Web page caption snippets
┄┄┄┄┄┄┄┄┄┄┄┄┄┄┄┄┄┄┄┄
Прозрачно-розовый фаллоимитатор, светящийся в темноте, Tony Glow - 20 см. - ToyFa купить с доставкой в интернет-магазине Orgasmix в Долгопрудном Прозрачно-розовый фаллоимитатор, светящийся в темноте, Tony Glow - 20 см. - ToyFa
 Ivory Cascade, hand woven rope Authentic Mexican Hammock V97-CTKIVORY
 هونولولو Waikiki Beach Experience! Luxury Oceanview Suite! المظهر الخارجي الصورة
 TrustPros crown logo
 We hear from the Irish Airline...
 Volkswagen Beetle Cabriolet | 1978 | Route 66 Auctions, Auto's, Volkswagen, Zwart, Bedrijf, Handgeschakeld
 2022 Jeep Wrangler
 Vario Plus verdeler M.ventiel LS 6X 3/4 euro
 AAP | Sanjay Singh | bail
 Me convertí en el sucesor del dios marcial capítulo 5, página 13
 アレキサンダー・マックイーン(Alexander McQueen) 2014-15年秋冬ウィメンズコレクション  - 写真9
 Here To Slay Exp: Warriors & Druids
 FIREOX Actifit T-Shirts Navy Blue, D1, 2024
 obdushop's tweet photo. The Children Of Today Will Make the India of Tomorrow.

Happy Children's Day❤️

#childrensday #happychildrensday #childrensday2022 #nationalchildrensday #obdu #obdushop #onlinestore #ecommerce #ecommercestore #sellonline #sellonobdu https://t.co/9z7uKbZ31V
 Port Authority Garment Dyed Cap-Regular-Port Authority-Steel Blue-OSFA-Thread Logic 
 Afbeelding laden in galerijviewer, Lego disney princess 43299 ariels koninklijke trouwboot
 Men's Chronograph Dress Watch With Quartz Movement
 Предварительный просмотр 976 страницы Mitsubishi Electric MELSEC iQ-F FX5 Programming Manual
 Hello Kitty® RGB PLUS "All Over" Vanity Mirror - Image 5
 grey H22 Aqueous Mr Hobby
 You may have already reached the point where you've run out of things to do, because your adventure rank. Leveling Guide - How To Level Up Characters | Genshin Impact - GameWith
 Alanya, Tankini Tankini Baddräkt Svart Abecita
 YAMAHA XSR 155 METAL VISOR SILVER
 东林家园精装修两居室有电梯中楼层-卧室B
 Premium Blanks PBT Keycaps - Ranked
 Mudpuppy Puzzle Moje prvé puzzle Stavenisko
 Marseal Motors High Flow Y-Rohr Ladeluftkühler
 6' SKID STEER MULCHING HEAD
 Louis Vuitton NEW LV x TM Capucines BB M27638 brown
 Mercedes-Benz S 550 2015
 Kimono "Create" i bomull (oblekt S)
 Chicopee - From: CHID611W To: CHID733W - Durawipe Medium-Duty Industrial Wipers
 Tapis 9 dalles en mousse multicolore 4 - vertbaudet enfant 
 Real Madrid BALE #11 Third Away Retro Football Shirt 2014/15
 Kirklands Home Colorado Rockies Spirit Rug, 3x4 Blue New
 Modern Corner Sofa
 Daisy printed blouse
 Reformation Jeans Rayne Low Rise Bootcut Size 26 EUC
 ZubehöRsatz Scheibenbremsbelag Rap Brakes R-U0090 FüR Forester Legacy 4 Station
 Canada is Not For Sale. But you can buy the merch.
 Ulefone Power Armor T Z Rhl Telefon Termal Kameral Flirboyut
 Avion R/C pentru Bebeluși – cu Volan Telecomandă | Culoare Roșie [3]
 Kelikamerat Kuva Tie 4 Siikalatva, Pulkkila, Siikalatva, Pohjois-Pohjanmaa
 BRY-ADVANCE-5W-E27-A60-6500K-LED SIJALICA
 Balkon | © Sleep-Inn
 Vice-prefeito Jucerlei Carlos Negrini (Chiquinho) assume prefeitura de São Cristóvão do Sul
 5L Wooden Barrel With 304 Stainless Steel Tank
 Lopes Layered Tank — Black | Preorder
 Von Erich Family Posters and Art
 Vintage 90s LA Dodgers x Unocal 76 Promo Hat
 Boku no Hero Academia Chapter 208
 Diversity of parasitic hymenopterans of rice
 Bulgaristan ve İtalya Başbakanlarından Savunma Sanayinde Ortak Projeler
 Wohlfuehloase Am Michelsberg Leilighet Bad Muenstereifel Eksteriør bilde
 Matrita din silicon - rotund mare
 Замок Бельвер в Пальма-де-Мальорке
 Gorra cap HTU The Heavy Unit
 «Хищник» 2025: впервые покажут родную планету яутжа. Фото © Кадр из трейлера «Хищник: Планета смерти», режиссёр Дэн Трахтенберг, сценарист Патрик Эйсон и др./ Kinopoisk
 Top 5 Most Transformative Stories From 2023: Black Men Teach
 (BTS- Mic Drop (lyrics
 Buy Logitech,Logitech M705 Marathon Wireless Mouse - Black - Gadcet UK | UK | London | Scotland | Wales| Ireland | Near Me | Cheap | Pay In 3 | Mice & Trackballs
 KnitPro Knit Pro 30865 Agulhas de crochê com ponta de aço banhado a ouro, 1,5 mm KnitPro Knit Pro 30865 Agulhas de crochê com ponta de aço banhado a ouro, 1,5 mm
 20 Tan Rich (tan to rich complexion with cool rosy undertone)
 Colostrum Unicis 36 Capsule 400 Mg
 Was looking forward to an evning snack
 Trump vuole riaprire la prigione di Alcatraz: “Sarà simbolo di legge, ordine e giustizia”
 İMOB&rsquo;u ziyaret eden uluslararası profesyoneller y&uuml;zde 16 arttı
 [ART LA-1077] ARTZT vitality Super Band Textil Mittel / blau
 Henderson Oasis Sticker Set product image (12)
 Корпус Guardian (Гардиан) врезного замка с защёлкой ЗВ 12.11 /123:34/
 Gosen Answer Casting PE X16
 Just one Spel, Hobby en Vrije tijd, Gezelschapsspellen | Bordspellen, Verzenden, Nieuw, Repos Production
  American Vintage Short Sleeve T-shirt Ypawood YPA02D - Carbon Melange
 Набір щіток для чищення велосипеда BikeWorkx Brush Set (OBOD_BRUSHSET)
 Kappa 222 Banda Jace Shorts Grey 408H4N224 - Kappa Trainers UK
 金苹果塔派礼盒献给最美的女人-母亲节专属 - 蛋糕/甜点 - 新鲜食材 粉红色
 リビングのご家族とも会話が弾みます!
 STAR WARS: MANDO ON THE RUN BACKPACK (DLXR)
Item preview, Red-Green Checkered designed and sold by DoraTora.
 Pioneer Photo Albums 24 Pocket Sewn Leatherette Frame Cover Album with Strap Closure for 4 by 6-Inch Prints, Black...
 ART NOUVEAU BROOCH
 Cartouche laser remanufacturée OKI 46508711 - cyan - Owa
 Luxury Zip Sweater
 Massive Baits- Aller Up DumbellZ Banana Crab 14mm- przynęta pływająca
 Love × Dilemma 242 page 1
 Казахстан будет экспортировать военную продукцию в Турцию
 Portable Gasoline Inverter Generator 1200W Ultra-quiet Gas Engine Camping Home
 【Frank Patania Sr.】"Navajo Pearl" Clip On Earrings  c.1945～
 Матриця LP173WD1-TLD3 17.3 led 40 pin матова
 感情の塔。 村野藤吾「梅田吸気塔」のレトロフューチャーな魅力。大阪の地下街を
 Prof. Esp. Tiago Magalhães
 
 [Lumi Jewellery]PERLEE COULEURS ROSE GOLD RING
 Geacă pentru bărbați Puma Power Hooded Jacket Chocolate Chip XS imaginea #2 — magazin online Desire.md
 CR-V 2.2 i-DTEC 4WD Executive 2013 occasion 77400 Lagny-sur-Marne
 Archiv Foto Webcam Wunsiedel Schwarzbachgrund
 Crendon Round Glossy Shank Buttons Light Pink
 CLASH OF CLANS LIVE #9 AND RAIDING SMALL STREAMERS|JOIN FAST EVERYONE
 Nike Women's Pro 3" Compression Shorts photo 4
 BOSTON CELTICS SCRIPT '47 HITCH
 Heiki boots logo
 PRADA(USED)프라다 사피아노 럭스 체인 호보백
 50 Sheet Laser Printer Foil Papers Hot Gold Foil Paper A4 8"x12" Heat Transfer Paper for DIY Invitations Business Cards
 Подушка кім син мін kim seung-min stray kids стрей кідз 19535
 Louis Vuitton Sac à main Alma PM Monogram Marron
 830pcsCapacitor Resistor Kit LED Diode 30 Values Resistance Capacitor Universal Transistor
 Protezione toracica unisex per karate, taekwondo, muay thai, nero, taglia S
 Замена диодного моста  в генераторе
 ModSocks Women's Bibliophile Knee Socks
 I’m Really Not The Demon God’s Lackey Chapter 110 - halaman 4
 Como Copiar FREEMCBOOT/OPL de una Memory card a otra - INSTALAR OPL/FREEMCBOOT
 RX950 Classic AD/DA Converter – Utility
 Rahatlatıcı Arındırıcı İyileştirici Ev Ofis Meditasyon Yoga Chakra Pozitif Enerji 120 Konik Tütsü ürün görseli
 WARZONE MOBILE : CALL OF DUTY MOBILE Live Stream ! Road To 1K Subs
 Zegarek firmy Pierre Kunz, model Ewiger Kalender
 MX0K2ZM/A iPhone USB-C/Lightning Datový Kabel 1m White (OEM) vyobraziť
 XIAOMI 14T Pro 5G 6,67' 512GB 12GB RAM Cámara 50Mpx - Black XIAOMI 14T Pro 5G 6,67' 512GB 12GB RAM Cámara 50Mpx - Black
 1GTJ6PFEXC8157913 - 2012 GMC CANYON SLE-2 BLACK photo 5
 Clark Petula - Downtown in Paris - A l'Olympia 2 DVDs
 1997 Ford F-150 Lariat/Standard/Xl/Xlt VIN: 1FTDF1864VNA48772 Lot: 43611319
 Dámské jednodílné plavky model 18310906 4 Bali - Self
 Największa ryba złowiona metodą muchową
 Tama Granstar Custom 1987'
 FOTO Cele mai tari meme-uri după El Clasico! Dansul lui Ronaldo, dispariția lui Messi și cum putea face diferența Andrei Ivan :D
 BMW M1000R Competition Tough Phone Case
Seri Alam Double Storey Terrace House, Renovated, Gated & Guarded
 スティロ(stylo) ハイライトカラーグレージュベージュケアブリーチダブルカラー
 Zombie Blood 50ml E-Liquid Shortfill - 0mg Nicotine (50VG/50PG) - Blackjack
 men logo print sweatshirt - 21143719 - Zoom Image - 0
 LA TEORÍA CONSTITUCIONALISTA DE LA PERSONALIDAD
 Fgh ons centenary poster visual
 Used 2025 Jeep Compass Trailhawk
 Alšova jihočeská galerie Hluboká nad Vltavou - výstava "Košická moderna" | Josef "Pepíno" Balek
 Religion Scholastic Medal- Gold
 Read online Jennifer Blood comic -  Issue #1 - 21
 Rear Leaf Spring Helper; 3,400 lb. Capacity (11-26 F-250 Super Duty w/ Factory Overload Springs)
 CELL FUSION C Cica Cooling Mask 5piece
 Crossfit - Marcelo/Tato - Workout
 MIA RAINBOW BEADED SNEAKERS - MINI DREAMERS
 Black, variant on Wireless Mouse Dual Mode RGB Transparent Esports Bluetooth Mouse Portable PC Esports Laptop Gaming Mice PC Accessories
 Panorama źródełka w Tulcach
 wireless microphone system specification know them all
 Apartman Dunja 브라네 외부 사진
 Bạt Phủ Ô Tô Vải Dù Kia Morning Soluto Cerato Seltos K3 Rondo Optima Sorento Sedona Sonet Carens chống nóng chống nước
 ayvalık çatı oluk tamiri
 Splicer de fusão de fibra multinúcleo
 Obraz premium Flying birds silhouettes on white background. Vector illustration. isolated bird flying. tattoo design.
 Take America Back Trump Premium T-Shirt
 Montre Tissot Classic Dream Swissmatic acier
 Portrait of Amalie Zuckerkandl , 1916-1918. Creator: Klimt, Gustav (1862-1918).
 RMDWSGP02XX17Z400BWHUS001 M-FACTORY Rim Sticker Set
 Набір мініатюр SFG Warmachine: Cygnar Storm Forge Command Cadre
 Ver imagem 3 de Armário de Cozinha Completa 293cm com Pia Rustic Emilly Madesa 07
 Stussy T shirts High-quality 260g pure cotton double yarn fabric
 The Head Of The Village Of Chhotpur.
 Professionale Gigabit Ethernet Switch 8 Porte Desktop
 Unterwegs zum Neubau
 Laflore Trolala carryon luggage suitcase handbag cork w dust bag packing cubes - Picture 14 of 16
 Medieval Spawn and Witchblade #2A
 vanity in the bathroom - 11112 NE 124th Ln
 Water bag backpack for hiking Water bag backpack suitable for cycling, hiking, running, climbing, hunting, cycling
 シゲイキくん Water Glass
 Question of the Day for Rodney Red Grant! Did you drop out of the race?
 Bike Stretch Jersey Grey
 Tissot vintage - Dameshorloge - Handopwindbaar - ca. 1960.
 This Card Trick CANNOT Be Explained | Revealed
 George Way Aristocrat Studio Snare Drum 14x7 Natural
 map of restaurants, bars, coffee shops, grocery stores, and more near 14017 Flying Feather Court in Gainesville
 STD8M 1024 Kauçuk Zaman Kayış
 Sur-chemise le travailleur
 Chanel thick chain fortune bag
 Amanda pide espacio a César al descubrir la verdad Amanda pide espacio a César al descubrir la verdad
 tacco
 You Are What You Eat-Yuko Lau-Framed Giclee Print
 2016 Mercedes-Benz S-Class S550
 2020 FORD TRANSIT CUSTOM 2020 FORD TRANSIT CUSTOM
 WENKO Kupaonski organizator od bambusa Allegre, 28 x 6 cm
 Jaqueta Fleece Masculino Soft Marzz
┄┄┄┄┄┄┄┄┄┄┄┄┄┄┄┄┄┄┄┄
Problem details
Check each line of the records above for "Power", and copy those that have it.

Result
 Ulefone Power Armor T Z Rhl Telefon Termal Kameral Flirboyut
 Geacă pentru bărbați Puma Power Hooded Jacket Chocolate Chip XS imaginea #2 — magazin online Desire.md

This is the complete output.